Brasilia, Brazil (AP) - With Barack Obama on the ballot in at least eight local elections in Brazil, you might think the Democratic presidential candidate is keeping his options open in case John McCain winds up in the White House.
Not at all. Due to a quirk in Brazilian electoral law, candidates can put any name they want on the ballot, as long as it isn't offensive. At least eight candidates have chosen to be known as "Barack Obama."
The Illinois senator is hugely popular in Brazil. The prospect of a black U.S. president has generated enthusiasm across the country, where more people call themselves black than anywhere except Nigeria.

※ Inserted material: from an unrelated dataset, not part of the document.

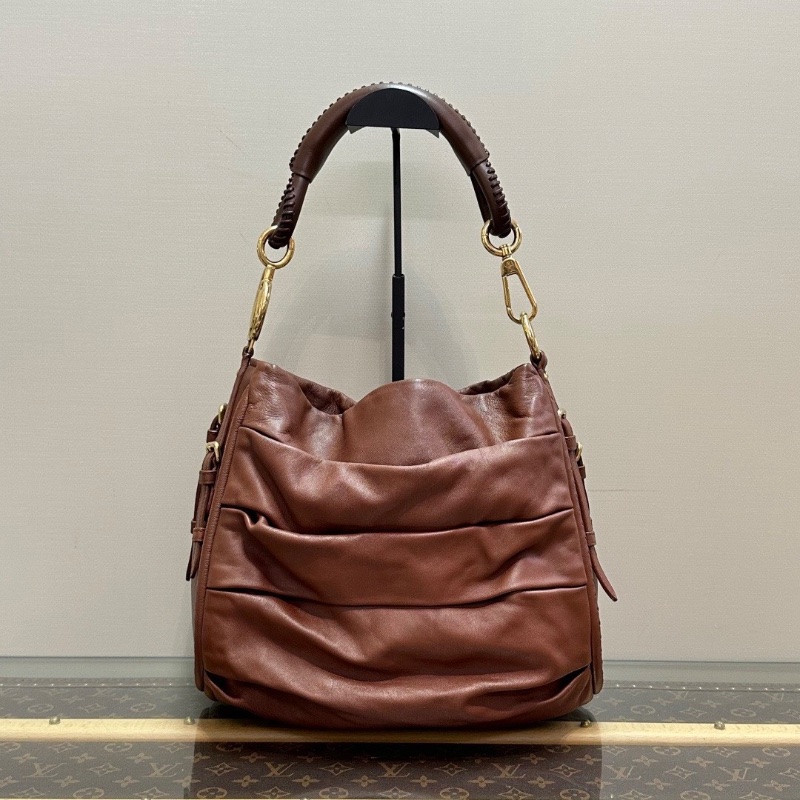 DIOR 深棕色金扣褶皺手提hobo包30*25*10 98新配件塵袋-2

Many Brazilian candidates are hoping they can ride his distant coattails into office.
Alexandre Nunes Jacinto, a 48-year-old air conditioner salesman, says his candidacy for city council in the dusty northeastern town of Petrolina is partly a tribute to the American. He read Obama's biography four years ago and was impressed with the way he crossed racial barriers.
"Like Barack, I believe racism is something we should overcome," Nunes told The Associated Press.
Claudio Henrique dos Anjos, who's running for mayor of Belford Roxo on the outskirts of Rio de Janeiro, took the name Barack Obama de Belford Roxo.
"I intend to enter into history as the first black governor of Belford Roxo, just like the American Barack Obama intends to enter history as the first black president of the United States," he told the newspaper O Globo.
Some of the candidates say the changing identity doesn't just apply to the campaign trail.
"Since I registered my new name, Alexandre died," Jacinto said. "Now everybody calls me Barack."